Real scenarios. Daily stakes. One small app that has your back.
The meeting just started
"Can you hear me? … still not? … and now?"
You join the call. Your mic is routed to the wrong device. Your speakers are muted. You click around System Settings while fifteen people wait. Three minutes gone. Looking less professional by the minute. Every week, in every team, someone is that person.
Your current mic and output device are right there in the menu bar. One glance tells you what's live. One click switches device. Join the call, glance, speak. That's it.
Working from home, with kids
Your kids burst in. Your mic betrays you.
You're in a meeting on your internal mic and speakers. Suddenly, domestic chaos. You hit mute, grab your headset, plug it in, and carry on, except macOS silently un-muted you the moment the device changed. Ten seconds of household noise, broadcast to the whole meeting. The exact thing you were trying to avoid.
Muted means muted. Period. Plug headphones, unplug them, swap interfaces, your mute state holds. Life can interrupt the room.
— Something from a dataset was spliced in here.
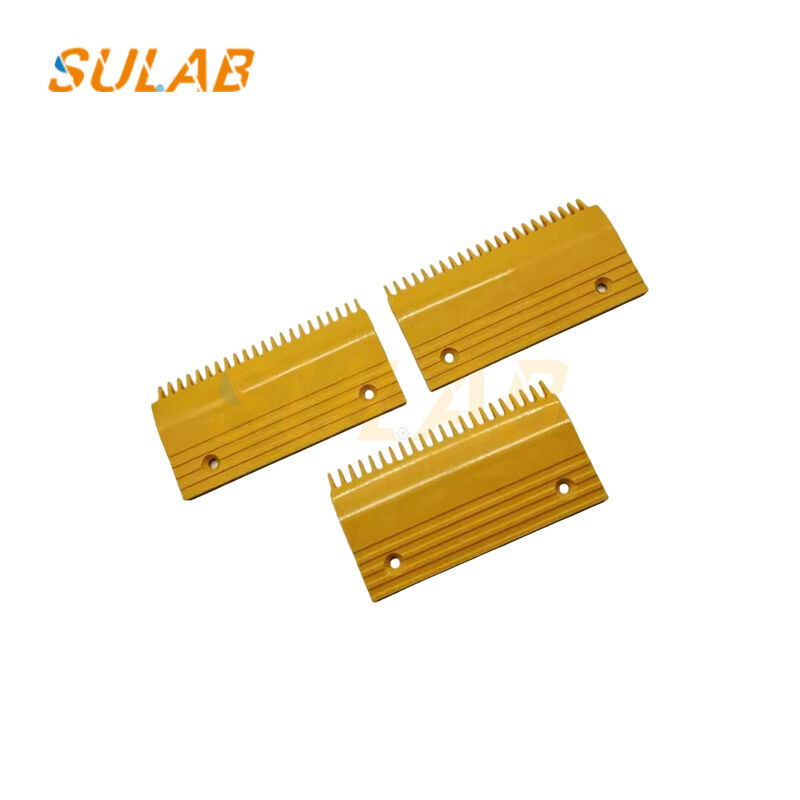 22-teeth Escalator Comb Plate with High-strength Engineering Plastic for Smooth Transition and EN 115-1 Compliance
It doesn't interrupt the meeting.
Monday, 9:03 a.m., the coworking space
Your Mac wakes up and blasts Netflix at the whole room.
Last night you watched a film with headphones. The headphones are gone. The volume is still at 80 %. You open your laptop in a quiet office, a meeting room, a café, and every head turns. You're the one who disturbed everyone.
Your Mac wakes up silent. Every single time. You choose what happens next: stay muted, restore the level you had, or start at a volume you trust. No more 9 a.m. apologies.
Someone interrupts you, right now
Which app do I mute, again?
Zoom, Teams, Meet, Slack huddles, Discord, each with its own mute button, buried in its own window. When you need to go silent right now, you spend three seconds hunting the right app, in front of everyone, and that's the moment they all hear the dog.
One shortcut. Every app. Instantly silent. Hold another shortcut for push-to-talk. Whatever window you're in, your mic obeys. No hunting. No hesitation. No explanations afterwards.
Mid-call device switch
Plug in headset, lose the mic you were on.
You're on Zoom with a clean setup. You pop in headphones for a second wind, and macOS silently re-routes everything, including to a worse mic, sometimes to no mic at all. Suddenly you're garbled or inaudible, and everyone notices before you do.
Pin the mic and speakers you trust, independently. Plug, unplug, swap headsets all day. The call stays on the setup you chose, full stop.
What people actually say after a month with Sotto
Small app. Big difference, every day.
Three everyday moments where Sotto quietly does its job. Same Mac. Same meetings. Fewer embarrassing moments.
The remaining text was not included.